====== DATA SECTION ======

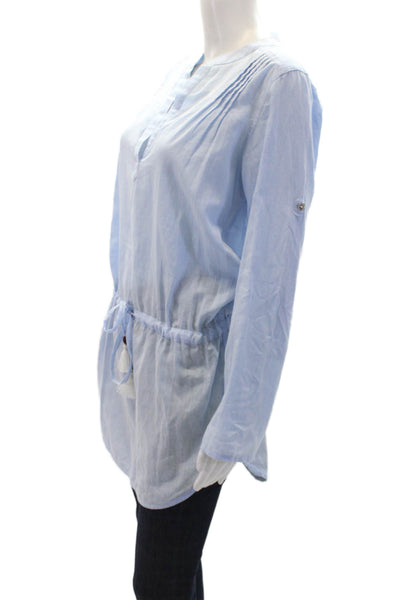 Heidi Klein Womens Cotton Long Sleeve Pleated Detail Tunic Top Blue Size S
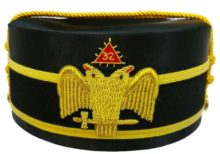 32nd Degree Scottish Rite Wings DOWN Double-Eagle Cap Bullion Hand Embroidery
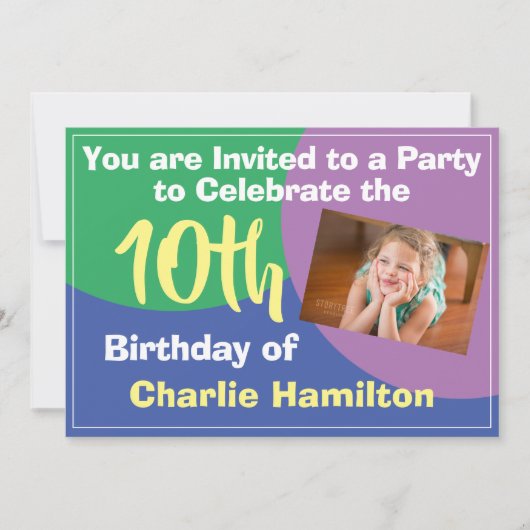10. Geburtstag Einladung mit Foto (Vorderseite)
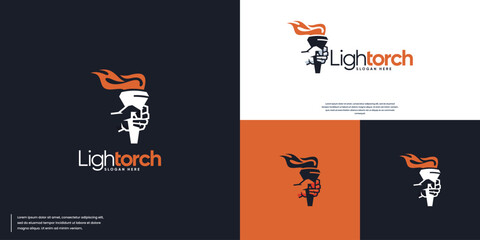 hand holding torch logo, victory symbol, logo design template.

======

Whenever a line holds a picture, print that line without the picture. All other data must be output exactly.

ANSWER:
 Heidi Klein Womens Cotton Long Sleeve Pleated Detail Tunic Top Blue Size S
 32nd Degree Scottish Rite Wings DOWN Double-Eagle Cap Bullion Hand Embroidery
10. Geburtstag Einladung mit Foto (Vorderseite)
 hand holding torch logo, victory symbol, logo design template.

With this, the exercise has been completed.